Invocare una riforma elettorale oggi vuole dire esporre il paese al rischio di ulteriori strumentalizzazioni. Potremmo facilmente ritrovarci con una legge elettorale addirittura peggiore di quella attuale. Non solo, anche riforme malfatte, come una brutta legge elettorale o una legge anti-corruzione zoppicante, rischiano di costituire l’ultimo alibi ai partiti politici — tutti — per non adottare loro regole proprie, come le primarie e l’esclusione dalle loro liste di qualsiasi candidato anche solo imputato di reati assimilabili alla corruzione. Queste regole e questi nuovi comportamenti sono gli unici che potranno facilitare un significativo rinnovamento della politica e del futuro Parlamento. Quello a cui lascerei il compito di darci una buona legge elettorale e una legge anti-corruzione che funziona.

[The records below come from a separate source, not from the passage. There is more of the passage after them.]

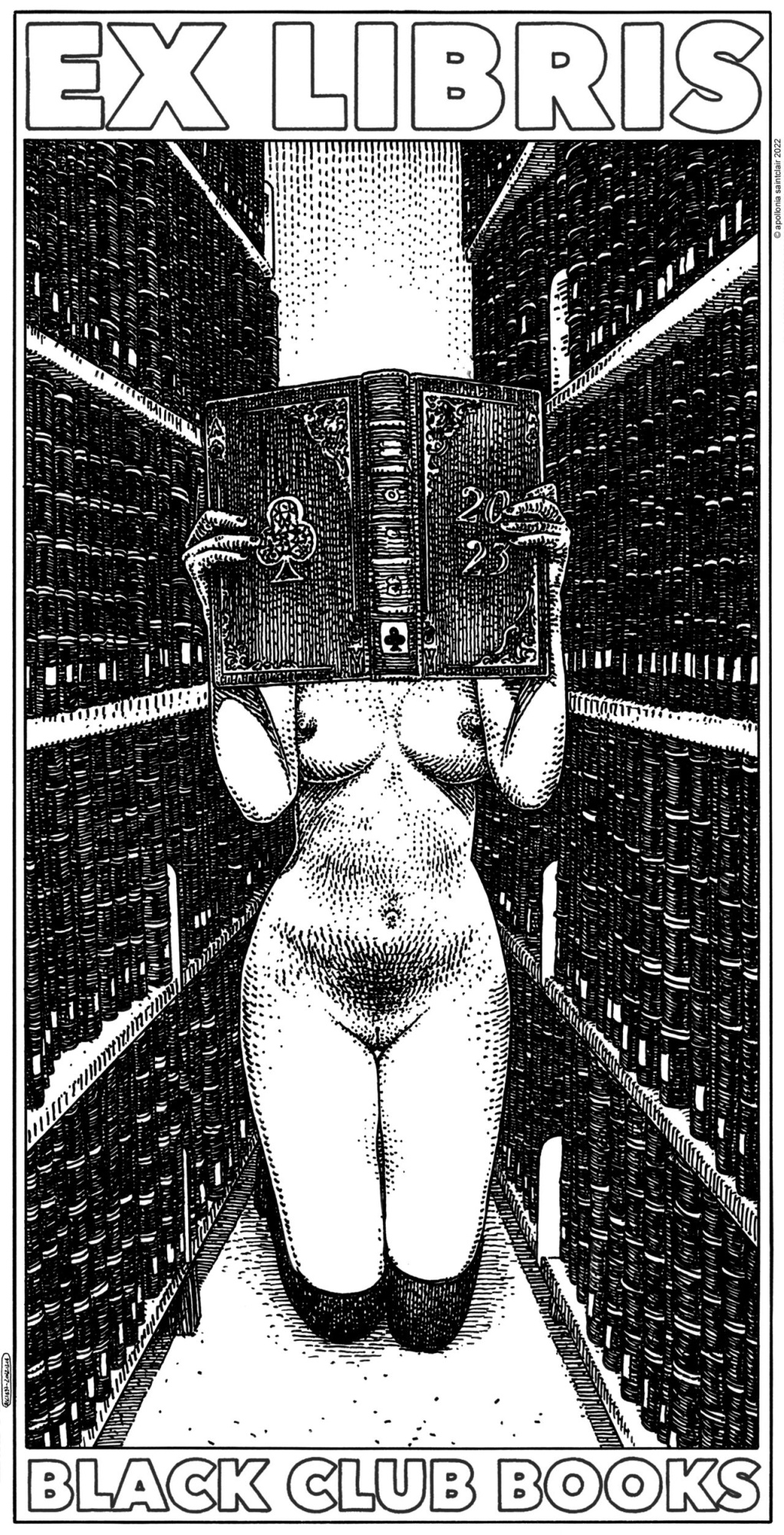 [Patreon] Apollonia Saintclair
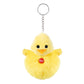 Bubbly Keyring / Bag Charm Chick - 15cm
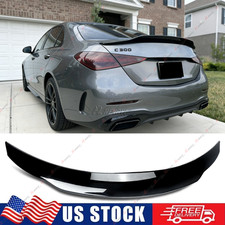 Gloss Black PSM Style Trunk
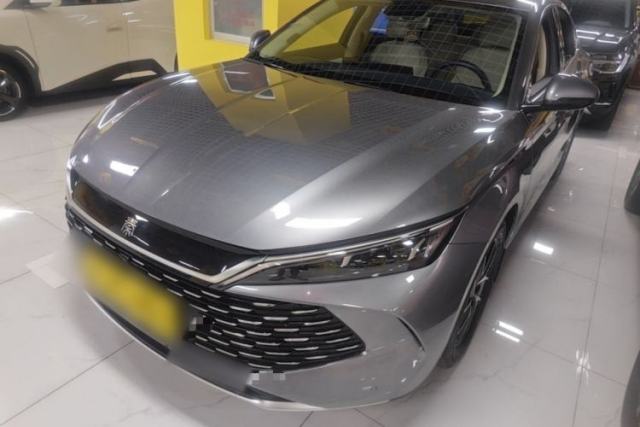 Used BYD Qin L 2024 DM-i 80KM Beyond Model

Uno dei primi libri che ho letto quando sono arrivata in Italia, e da cui imparai molto, fu ‘Il Gattopardo‘ di Giuseppe Tomasi di Lampedusa. Rimasi molto colpita dalla frase, “Bisogna che tutto cambi perché tutto resti come prima”,con la quale l’arguto Tancredi commenta l’annessione della Sicilia al Regno d’Italia. Sarà pure diventata un detto comune, ma la vena di assoluto cinismo che la sottintende, così come la colpevole ammirazione del Principe che l’ascolta, non sembrano pronte ad esaurirsi.